Karl Max Schneider (13 March 1887 – 26 October 1955) was an East German zoologist who served as director for the Leipzig Zoo from 1934 till his death. He was an expert on lions and their biology and was responsible for coining the behavioural term "flehmen".

==Biography==
Schneider was born in Callenberg, Lichtenstein, one of six siblings in a merchant family. He studied in his hometown and then at Waldenberg where he became a teacher from 1908 working in Meerane. In 1912 he received an Abitur from the Realgymnasium Freiberg and a degree in science in 1910 from the University of Leipzig. In 1913 he wrote a thesis on the philosophy of Heinrich Rickert's transcendentalism, but due to the onset of World War I he received a doctorate only in 1918. During the war he was drafted into the front line and was injured in the lower left leg, leading to its amputation. After the war he became an assistant in zoology at Frankfurt University.
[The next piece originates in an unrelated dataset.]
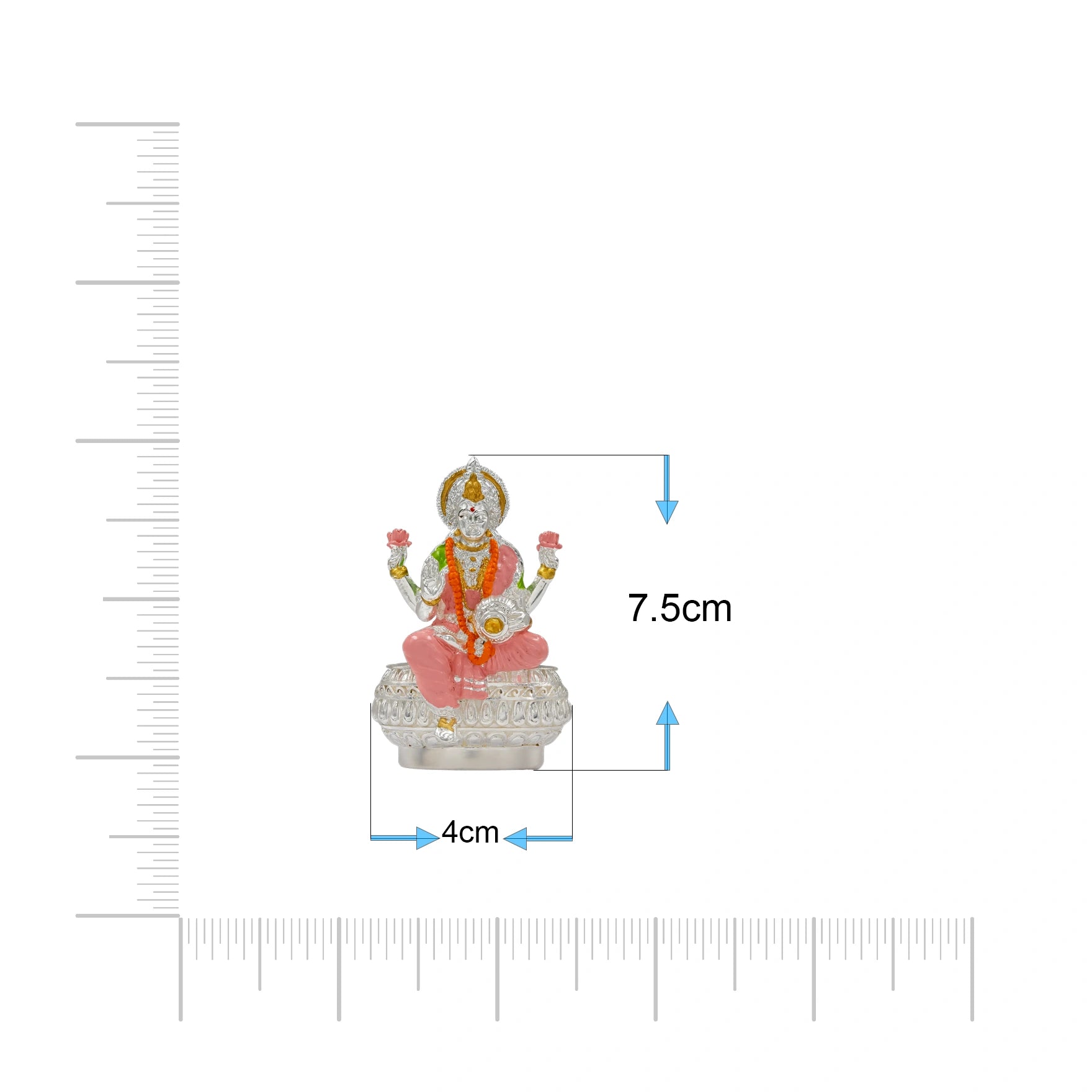 Divine Lakshmi Devi Silver Plated Sitting Idol for Pooja PIDRSL22-052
In 1919 he moved to Leipzig and worked at the university and as an assistant in the Leipzig Zoo from 1920. In 1934 he became director of the Leipzig Zoo where he took a special interest in the breeding behaviour of big cats, particularly lions. He coined the word flehmen in 1930 for the characteristic displays of big cats and several other mammals. The zoo was very successful in captive breeding and even exported lions to Africa. He wrote extensively and was popular due to TV shows that he directed and presented.

He was made an honorary citizen of the city of Leipzig and was awarded the National Prize of the GDR in 1953. After his death in 1955, a bust was installed at Leipzig zoo.